Items listed in a dataset:

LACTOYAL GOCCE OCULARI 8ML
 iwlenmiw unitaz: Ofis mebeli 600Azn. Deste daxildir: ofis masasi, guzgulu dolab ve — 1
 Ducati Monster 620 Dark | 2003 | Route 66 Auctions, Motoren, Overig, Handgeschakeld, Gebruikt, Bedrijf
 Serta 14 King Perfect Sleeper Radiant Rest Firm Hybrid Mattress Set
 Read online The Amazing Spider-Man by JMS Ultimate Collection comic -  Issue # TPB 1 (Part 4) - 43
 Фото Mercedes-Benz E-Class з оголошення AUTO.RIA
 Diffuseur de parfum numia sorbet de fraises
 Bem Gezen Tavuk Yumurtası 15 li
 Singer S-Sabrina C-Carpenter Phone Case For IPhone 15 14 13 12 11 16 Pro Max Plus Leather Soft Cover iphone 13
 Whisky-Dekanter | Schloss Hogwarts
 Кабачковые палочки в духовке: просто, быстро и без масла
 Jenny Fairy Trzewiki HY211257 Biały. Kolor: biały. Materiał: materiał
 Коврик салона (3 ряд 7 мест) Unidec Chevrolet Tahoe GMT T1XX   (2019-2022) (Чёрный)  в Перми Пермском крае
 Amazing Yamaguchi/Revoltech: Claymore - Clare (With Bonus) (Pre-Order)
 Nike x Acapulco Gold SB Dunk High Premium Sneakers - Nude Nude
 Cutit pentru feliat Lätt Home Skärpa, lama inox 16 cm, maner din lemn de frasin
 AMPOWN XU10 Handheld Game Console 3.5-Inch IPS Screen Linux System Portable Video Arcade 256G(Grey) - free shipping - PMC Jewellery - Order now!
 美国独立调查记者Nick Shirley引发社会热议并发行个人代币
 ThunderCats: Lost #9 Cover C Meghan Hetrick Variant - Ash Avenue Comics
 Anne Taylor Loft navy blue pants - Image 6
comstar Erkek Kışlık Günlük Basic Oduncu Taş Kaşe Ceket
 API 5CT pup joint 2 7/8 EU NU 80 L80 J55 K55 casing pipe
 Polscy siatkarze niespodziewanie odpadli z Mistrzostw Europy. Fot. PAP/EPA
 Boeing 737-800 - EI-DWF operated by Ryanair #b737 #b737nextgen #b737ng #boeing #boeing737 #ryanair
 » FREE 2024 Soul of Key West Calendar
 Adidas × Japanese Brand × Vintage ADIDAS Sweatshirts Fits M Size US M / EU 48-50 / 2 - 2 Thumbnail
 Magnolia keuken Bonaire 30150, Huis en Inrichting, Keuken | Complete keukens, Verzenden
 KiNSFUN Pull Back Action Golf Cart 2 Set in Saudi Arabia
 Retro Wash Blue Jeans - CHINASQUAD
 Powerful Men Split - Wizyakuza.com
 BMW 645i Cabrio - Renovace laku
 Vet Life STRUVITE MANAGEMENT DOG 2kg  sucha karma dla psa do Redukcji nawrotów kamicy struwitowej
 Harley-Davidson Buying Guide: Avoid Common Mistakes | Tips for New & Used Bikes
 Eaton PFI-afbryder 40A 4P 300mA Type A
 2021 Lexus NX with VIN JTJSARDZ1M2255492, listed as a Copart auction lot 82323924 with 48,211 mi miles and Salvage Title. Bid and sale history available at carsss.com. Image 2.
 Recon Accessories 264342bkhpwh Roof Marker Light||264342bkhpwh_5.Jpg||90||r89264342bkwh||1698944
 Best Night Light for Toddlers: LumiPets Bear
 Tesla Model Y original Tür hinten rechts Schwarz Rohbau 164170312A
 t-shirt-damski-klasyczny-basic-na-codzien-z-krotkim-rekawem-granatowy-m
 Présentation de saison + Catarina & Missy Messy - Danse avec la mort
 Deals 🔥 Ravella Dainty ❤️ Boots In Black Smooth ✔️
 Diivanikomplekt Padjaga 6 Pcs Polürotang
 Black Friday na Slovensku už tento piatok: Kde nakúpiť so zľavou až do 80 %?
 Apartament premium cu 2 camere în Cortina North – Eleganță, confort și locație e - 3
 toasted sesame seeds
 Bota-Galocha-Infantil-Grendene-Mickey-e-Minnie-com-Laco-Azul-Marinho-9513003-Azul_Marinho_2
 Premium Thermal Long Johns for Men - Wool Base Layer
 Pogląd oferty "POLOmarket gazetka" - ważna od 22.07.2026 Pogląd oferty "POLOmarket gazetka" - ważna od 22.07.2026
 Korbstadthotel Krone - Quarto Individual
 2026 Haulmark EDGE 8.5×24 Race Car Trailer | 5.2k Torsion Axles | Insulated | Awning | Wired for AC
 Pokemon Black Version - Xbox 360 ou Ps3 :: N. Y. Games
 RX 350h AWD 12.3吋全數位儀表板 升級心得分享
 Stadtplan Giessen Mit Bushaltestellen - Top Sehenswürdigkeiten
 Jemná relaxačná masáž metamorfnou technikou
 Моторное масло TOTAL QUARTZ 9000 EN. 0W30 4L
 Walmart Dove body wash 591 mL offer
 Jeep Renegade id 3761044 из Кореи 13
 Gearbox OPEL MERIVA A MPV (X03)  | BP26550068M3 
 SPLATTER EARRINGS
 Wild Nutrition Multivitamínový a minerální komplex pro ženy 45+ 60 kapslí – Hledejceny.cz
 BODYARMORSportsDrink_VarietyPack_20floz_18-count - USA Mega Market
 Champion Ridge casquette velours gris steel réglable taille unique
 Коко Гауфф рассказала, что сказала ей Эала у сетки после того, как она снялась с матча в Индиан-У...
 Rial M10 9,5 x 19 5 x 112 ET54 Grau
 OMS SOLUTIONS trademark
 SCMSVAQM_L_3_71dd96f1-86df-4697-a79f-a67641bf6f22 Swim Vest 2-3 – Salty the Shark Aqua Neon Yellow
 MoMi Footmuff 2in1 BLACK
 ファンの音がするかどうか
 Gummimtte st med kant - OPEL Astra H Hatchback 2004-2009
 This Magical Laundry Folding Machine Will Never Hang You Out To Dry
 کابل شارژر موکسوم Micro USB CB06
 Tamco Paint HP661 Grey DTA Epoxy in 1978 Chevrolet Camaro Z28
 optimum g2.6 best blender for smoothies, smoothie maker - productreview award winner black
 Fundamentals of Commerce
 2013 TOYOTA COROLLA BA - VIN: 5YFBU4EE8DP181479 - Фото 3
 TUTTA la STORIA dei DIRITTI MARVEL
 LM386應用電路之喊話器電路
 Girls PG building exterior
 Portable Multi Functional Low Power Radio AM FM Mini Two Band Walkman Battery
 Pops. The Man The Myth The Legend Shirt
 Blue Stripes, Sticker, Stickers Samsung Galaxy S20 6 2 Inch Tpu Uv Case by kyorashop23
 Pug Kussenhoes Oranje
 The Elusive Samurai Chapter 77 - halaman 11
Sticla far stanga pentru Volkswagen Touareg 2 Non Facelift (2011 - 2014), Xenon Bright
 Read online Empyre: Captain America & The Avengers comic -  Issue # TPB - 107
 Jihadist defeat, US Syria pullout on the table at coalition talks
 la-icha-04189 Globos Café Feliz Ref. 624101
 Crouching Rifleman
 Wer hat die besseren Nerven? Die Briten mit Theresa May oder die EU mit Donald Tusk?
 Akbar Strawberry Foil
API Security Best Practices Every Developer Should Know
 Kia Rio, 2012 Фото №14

### About this task
The stretch of entries above that starts with the line containing "Tamco Paint HP661" and goes on through the line containing "Girls PG building exterior" is to be transcribed exactly, and no other line is to be transcribed.

### Result of this exercise
 Tamco Paint HP661 Grey DTA Epoxy in 1978 Chevrolet Camaro Z28
 optimum g2.6 best blender for smoothies, smoothie maker - productreview award winner black
 Fundamentals of Commerce
 2013 TOYOTA COROLLA BA - VIN: 5YFBU4EE8DP181479 - Фото 3
 TUTTA la STORIA dei DIRITTI MARVEL
 LM386應用電路之喊話器電路
 Girls PG building exterior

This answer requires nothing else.